### Exercise details
Retype, exactly and completely, the listing that comes next, skipping its images.

### Data block
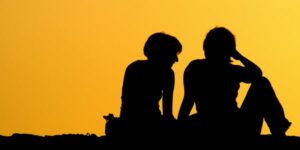 graphic silhouette of two students peers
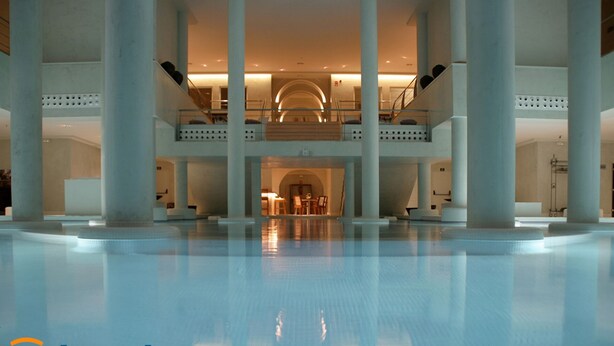 A spacious indoor pool area with a central seating area and multiple levels of balconies.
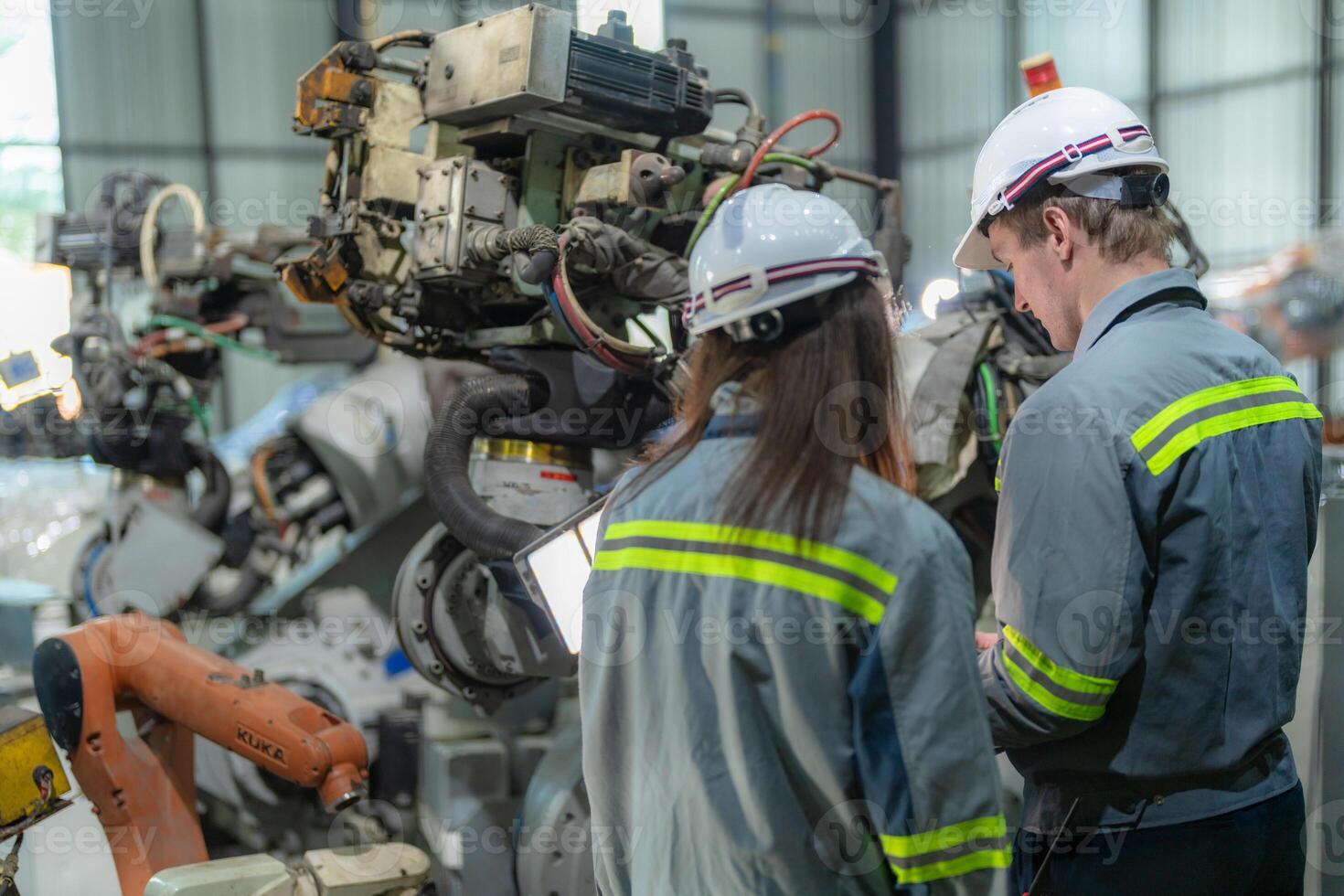 fábrica engenheiro mulher inspecionando em máquina com inteligente tábua. trabalhador trabalho às máquina robô braço. a Soldagem máquina com uma controlo remoto sistema dentro a industrial fábrica. artificial inteligência conceito. foto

### Result of the exercise
 graphic silhouette of two students peers
 A spacious indoor pool area with a central seating area and multiple levels of balconies.
 fábrica engenheiro mulher inspecionando em máquina com inteligente tábua. trabalhador trabalho às máquina robô braço. a Soldagem máquina com uma controlo remoto sistema dentro a industrial fábrica. artificial inteligência conceito. foto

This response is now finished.